As a young woman, Captain Marvel was a movie I’d craved. Long have we had superhero films with powerful male leads, but now more than ever there is a demand for women in the on-screen comic book world. And with that, I was very excited for this movie, so when the opening credits rolled, and the movie paid its homage to Stan Lee; I felt ready. The movie might’ve started with Vers (yes, they called her Vers – very smart) unable to sleep, but with clunky pacing and a somewhat annoying score, I felt my anticipation slipping. The first half felt like necessary context but came across as too obvious conventional, lazy tropes undercutting a film that was supposed to be a gamechanger. It’s when Fury (Samuel L. Jackson) and Captain Marvel herself are united that things start to flow a little better. Oh, and the addition of Goose was just a great bit of fun.


Characters aside, my biggest gripe with the movie was its narrative – the film felt shallow. Not only that, but every other superhero (Iron Man/Tony Stark, Captain America/Steve Rogers, Hulk/Bruce Banner, and Thor/Thor) had a serious beginning. With the guys, we had the opportunity to see their gritty origin story, and in follow-up films the characters were adapted to be more approachable – the best example would be Thor (2011) and Thor: Dark World (2013) compared the playful Thor: Ragnarok (2017). In the span of three movies, and many additional Marvel movies, we were introduced to a character who had the opportunity to be moulded and worked upon until one of the most anticipated movies of the year – Avengers: Endgame. Instead, we’ve been offered a premature version of Captain Marvel that has been characterised in an ill-fitting way. Can we really take her seriously if her own origin story is a predictable, overused narrative?

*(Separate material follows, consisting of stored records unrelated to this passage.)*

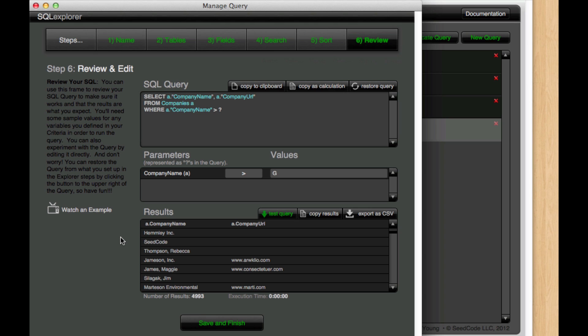So in that case in FileMaker we would use a wildcard search and in SQL we're going to do a similar thing using the LIKE operator.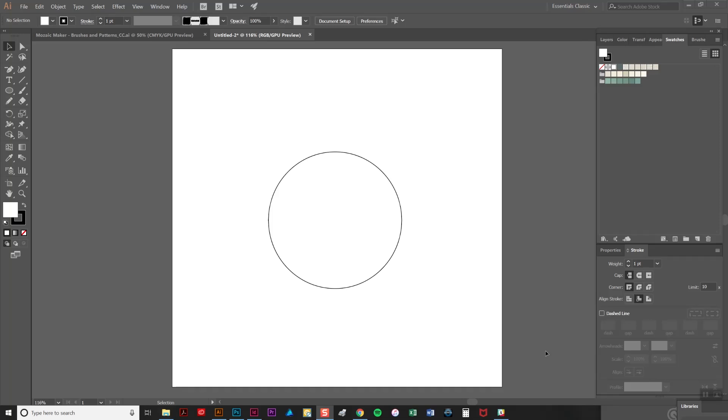In this video I'm going to share a few tips to help you get the most out of my mosaic maker for Illustrator. The pack was made by some genuine Roman mosaic tiles and it features a whole host of patterns and brushes.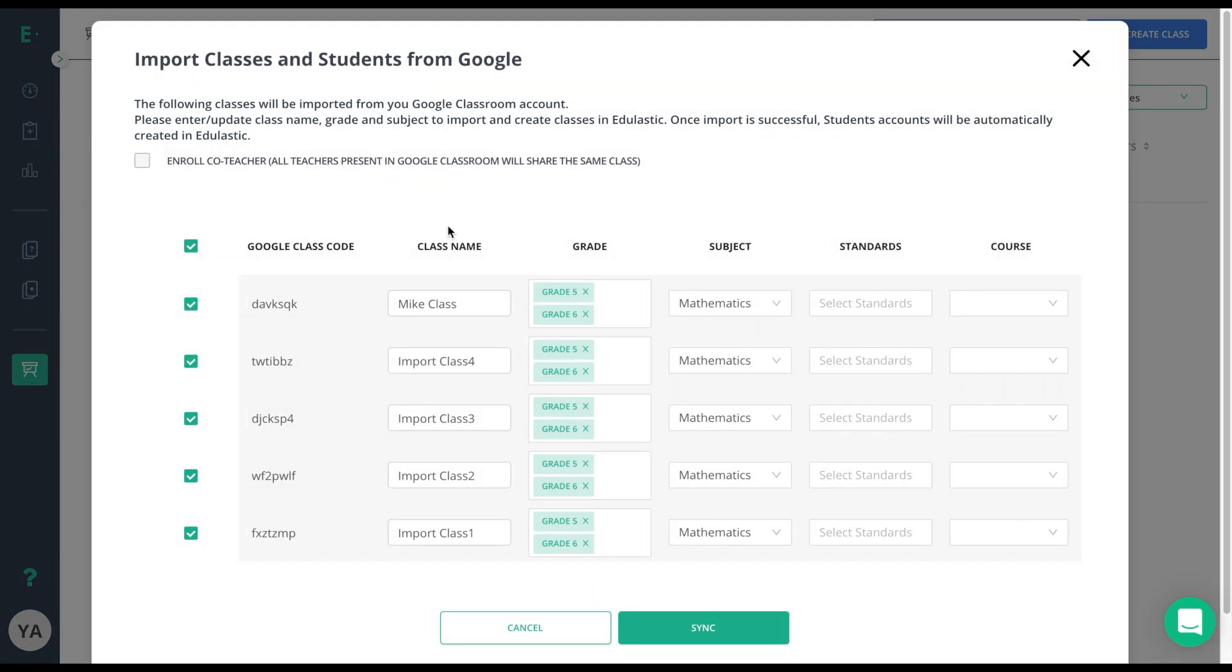At this point, I have the ability to choose the exact classes I want in Edge Elastic. Make sure to only choose the classes that have students that you plan to assign assessments to. Don't forget to choose to enroll co-teachers, if you have other teachers within your Google Classroom and you want them to see the class in Edge Elastic.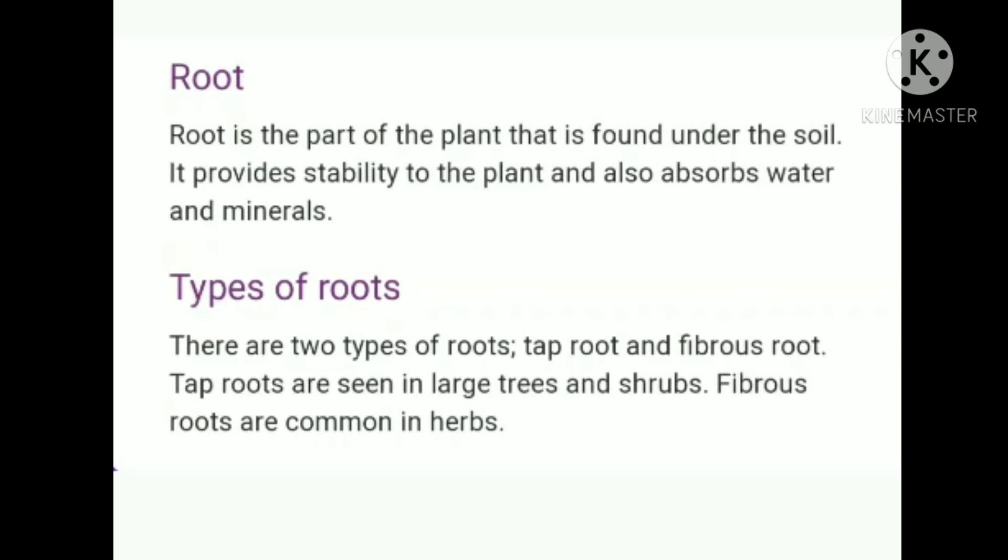The next part of the plant is the root. Root is the part of the plant found under the soil. It absorbs and provides water and minerals to the plant. There are two types of roots: tap root and fibrous root. Tap roots are seen in large trees and shrubs. Fibrous roots are common in herbs.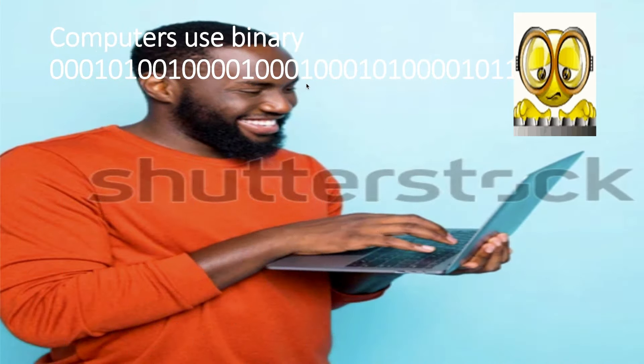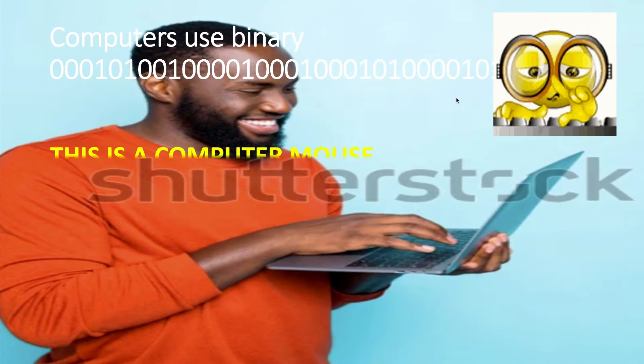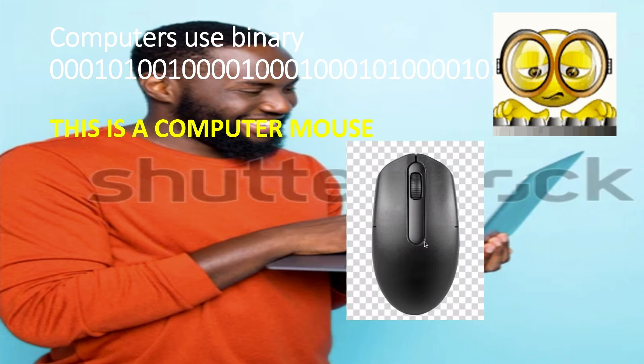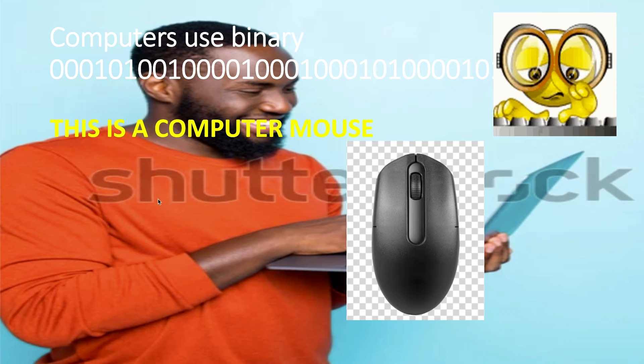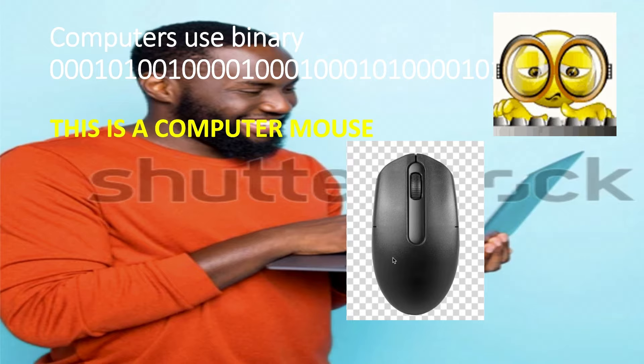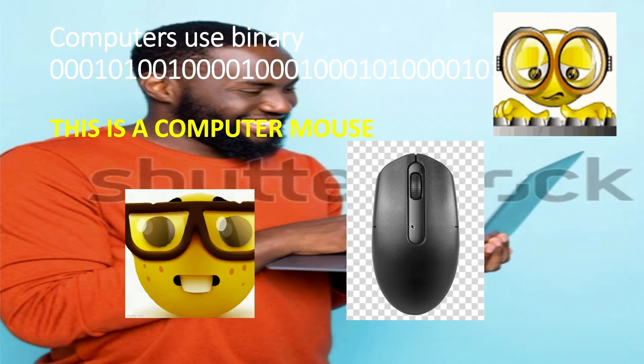Computers use binary. This is a computer mouse. It is an input device. Input means — if you reverse the letters, it will be 'put in' — because you put in data.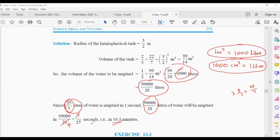We get the answer in seconds, then convert to minutes. Since 1 minute = 60 seconds, divide the seconds by 60 to get the answer in minutes.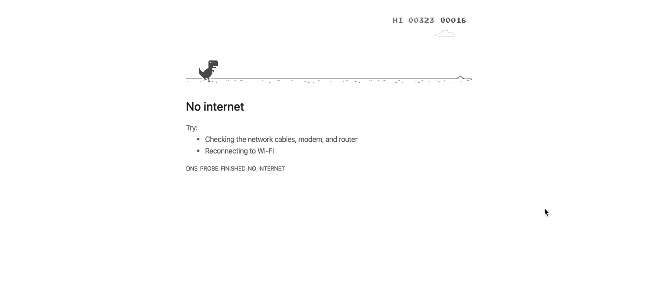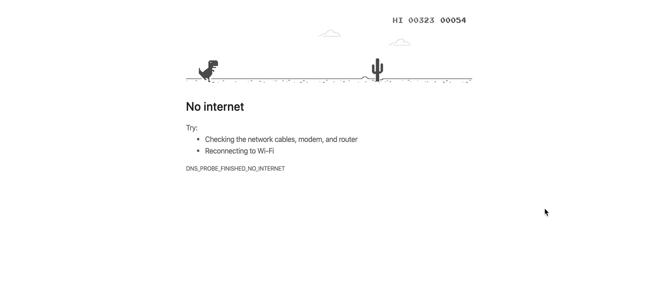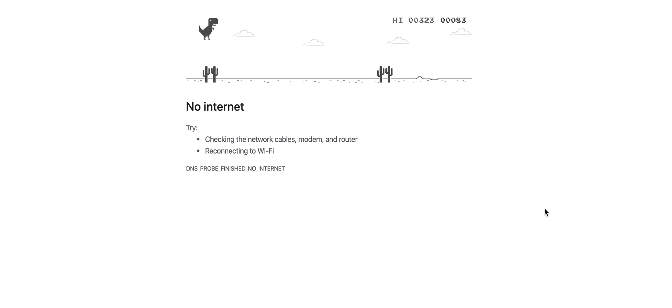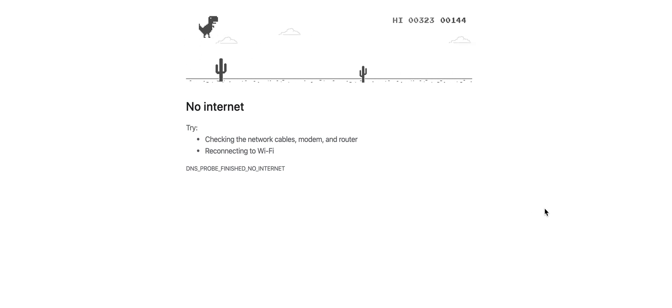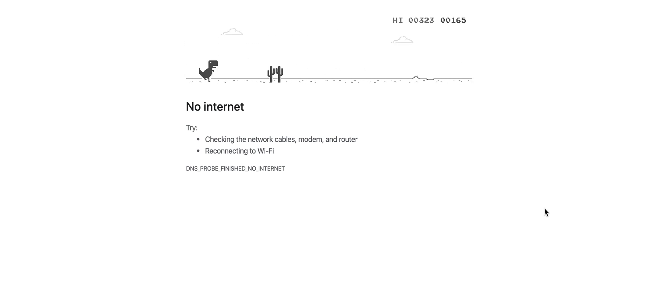From here, you'll just click the spacebar every time you want to jump. And then the only other key you'll need is eventually there will be birds in the air and you'll just use your down arrow to duck.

With only a couple weeks until Avengers: Endgame, we have to see how this flimsy version of a supposedly incredibly powerful female figure will translate into a movie which is likely to mark Marvel history. Instead, Captain Marvel felt like a weak stylistic imitation of Thor: Ragnarok, all while trying to stay true to Captain Marvel herself. We got answers to how Fury lost his eye and how the Tesseract ends up on Earth, but Danvers’ story felt rushed and unfinished. Even the unexpected use of Nirvana, or the movie’s obviously pointed theme of immigration and political commentary couldn’t quite save the film. If you haven’t noticed, I left the movie theatre quite disappointed.

Despite everything, Captain Marvel still marks a moment of change. Brie Larson did a brilliant job of becoming the character and embodied some good old-fashioned girl power, but the film itself didn’t quite tick all the boxes. Captain Marvel was the hero we wanted, but Marvel didn’t deliver the debut she deserved. Between the challenging scene pacing, stiff on-screen moments, and, at times, questionable screenwriting, the film came across as a half-baked origin story that just about holds your attention. The only thing I’m confident about is the film made me want to buy a leather jacket. The cast deserved better and so did Carol Danvers.